Revival Vintage Bottle Shop is Proof That Good Spirits Have a Long, Delicious Shelf Life

Revival specializes in rare and vintage bourbons, but the selection also includes Scotch, brandy, tequila, rum and gin.

Mar 8, 2023 at 5:21 am
click to enlarge Revival Vintage Spirits and Bottle Shop in Covington, Kentucky. - Photo: Brian Cross
Photo: Brian Cross
Revival Vintage Spirits and Bottle Shop in Covington, Kentucky.

This story is featured in the March 8 print issue of CityBeat.

Situated in Covington near the northernmost point of bourbon country, Revival Vintage Spirits and Bottle Shop has become a destination for those seeking the finest bourbons and other spirits of yesteryear.

“We’re people’s first stop on their way to Bardstown and Lexington,” Revival co-founder Shannon Smith tells CityBeat

If you’re wondering why there aren’t many vintage liquor bars around, it’s because Ohio and most other states don't allow them. However, Kentucky passed a law in 2018 legalizing the sale of vintage spirits. 

That opened a new market that Smith says gave her and co-founder Brad Bonds an opportunity to turn their passion for bourbon into a business. Smith’s background as a bourbon lover and attorney with her own firm positioned her to navigate the legal side.

“When that law passed, it allowed Brad and I to legalize that market.” Smith says. “That was it. It was a huge business opportunity.”

Revival specializes in rare and vintage bourbons, but the selection also includes Scotch, brandy, tequila, rum and gin. Since opening in 2020, the shop has grown from 200-300 bottles in inventory with 15 open for tasting to more than 4,000 in inventory and 120 open bottles, according to Bonds. 

Unlike vintage wines, which continue to develop flavor while stored and usually reach their peak within 50 years, vintage spirits taste like they did when they were bottled. 

“Vintage spirits are a time capsule to their own selves. As long as they’re closed, they’ll last forever,” Bonds tells CityBeat

Of course, proper storage, handling and a bit of luck are necessary to ensure that a 100-year-old bottle remains drinkable. 

“At the end of the day, Father Time is either kind or not kind,” Bond says.

Bonds is the spirited spokesman and buyer for Revival, often found behind the bar educating patrons on the history behind the products.

“This is like the greatest sporting event in the history of time for me, and every day is my Super Bowl,” Bonds says.

But Bonds says he isn’t content to run the shop like a hands-off antique consignment store. He’s all about sharing the experience with patrons of all stripes – you don’t have to be rich to indulge in the Revival tasting experience, he says.Every day, Revival offers $5 tastings on several selections along with other discounts at the tasting bar.

“The average person can come in and taste something that might be older than them or older than their parents,” Bonds says.

Bonds says the customer base runs the gamut. 

“There’s probably a little more younger people curious about it than older, but it’s all across the board. You never know who’s going to come in the door. We’re seeing a lot of women coming in, too,” Bonds says.

“It’s been really cool, because I don’t see a lot of women in whiskey.” adds Smith, who sits on the distilling committee of the Bourbon Women Association’s Northern Kentucky/Cincinnati chapter. 

“I started with them [the association] five or six years ago, and you just didn’t see a lot of gals around. And now you’re seeing a lot more ladies coming into it, and it’s really cool to see and share,” she says. 

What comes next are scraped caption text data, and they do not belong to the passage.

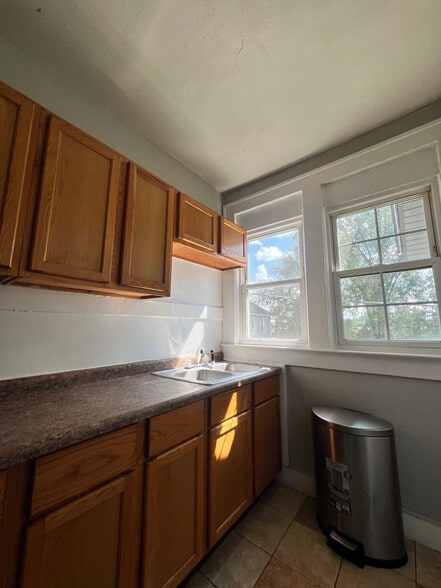 Building Photo - 677 Seabury Ave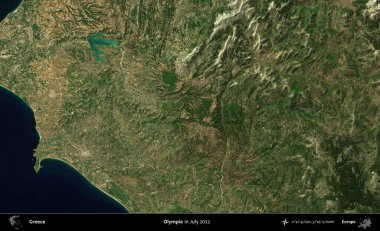 Olympia. Temmuz 2022 'de çekilen Global Mozaik Sentinel-2 karolarından oluşan uydu görüntüsü üzerine Yunanistan' ın idari bölgesi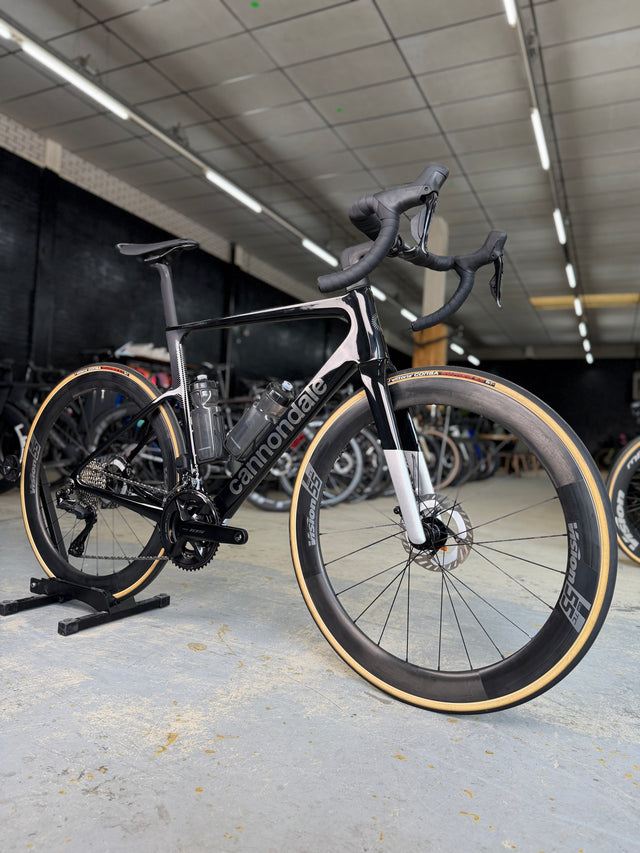 SHOWROOM Cannondale SuperSix EVO 3 Di2 Carbon Racefiets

With the growth Revival has seen in the first two years, Smith and Bonds decided to expand both their space and their offerings. 

In August last year, Revival announced plans to move into an 8,000-square-foot space adjoining the new North by Hotel Covington. Smith and Bonds say construction of the new location has been slower than expected, but they’re hoping to open there this summer. The space will house a full bar, a second-floor bottle shop with vintage spirits and cigars, party rooms for events and eventually a rooftop patio.

The current shop doesn’t have the space to offer cocktails made with the spirits, but the new space will open that door for them. Bonds says they plan to partner with mixologist and cocktail historian Molly Wellman, who will curate the cocktail list. 

“I’ve been telling her for a very long time when she was at Japps, ‘You research these old recipes and bring back these old cocktails but you’re using new spirits. The two of us get together, you can be like Bob Ross and I’ll have the vintage paint. We can paint happy trees, like, all day,’” Bonds recalls. 

Bonds says other plans include ticketed tasting events during which the two will tell the history of Revival’s “time capsules” and the cocktails made with them.

“I’m super excited for down here,” Bonds says. “My goal I’d like for us, hopefully day one: be one of the top-ten cocktail bars in the world for the price point and the options we’re offering.”